# Incorrect GPU fan reporting in GPU-Z



## streetwolf (Sep 4, 2019)

My card: EVGA GeForce RTX 2080 Ti FTW3 GAMING.

My graphics card has three fans.  The first is always running.  However, GPU-Z shows a Fan 1 and 2 which look as if they are really the same fan.  When I load my GPU at 100% the other two fans kick in but GPU-Z still has the same two fans showing.  They do have higher RPM's but they are always the same value.  Comparing fans using HWinfo it will only show one fan when the GPU isn't under load and when all three fans are going they will all be displayed with slightly different RPM's which tells me, unlike GPU-Z that fan 1 and fan 2 are not the same fan.  I think the problem lies in i2c.

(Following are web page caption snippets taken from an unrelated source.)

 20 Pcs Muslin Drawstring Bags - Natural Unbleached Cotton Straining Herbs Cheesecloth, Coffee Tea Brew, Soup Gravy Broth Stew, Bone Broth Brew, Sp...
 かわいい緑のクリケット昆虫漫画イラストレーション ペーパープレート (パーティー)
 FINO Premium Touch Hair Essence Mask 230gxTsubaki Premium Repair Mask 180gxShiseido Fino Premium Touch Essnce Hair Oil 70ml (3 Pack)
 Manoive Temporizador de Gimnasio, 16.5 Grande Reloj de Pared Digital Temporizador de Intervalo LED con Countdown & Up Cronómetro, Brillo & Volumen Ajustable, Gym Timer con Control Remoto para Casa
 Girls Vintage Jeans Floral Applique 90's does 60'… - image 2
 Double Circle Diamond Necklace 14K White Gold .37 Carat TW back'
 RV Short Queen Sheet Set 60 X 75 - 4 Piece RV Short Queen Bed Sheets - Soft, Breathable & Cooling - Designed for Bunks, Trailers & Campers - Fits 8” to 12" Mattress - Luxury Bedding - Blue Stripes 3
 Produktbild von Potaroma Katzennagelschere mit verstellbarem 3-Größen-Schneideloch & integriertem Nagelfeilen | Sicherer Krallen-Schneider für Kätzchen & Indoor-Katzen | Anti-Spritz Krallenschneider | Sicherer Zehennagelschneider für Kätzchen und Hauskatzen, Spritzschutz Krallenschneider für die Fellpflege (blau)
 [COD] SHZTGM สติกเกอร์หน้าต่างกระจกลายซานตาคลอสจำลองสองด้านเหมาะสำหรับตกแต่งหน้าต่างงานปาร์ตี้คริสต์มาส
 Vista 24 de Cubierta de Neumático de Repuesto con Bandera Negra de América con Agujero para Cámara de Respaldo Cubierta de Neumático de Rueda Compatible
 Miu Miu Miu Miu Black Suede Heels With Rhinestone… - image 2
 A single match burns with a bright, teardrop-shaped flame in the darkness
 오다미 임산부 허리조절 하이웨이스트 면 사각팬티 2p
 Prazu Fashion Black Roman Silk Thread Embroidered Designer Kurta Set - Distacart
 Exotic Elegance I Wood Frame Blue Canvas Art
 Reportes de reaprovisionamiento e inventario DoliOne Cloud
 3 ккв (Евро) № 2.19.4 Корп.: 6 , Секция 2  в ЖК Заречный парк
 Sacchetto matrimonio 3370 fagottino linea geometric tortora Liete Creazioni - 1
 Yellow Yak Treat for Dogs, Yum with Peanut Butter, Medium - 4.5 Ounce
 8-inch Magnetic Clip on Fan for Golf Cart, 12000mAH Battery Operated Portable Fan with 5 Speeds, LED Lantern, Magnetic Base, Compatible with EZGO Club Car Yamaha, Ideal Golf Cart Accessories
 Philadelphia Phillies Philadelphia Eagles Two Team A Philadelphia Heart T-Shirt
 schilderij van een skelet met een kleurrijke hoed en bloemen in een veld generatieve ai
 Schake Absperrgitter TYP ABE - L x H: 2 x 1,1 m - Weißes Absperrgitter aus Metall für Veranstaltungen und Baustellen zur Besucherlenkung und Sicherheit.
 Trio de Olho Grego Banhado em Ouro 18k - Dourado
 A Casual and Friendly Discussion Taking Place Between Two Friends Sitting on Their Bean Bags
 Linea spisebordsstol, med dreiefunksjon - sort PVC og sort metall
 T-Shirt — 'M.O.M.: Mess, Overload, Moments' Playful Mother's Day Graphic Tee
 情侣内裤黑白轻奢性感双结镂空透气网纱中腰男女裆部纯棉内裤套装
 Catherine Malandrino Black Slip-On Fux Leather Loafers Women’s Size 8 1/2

I also have a similar problem with the program SIV.  I am working with the Developer on fixing this as I speak.  He is the one that says it's an i2c issue.  I sent him some dumps for debugging.


----------



## red-ray (Oct 12, 2019)

streetwolf said:


> I also have a similar problem with the program SIV.  I am working with the Developer on fixing this as I speak.  He is the one that says it's an i2c issue.  I sent him some dumps for debugging.


Not quite, I said SIV had an issue with reading I2C which is subtilty different and now resolved.

Either way I expect I adjusted SIV to report all 3 fans and in the last save file you sent on 2019-09-06 @ 09:23:49 it did (Note fans 1 + 2 were reported twice, once via NVAPI and again via the I2C). Since then I have tidied things up, but I can't find a reply to my email about this, did you send one?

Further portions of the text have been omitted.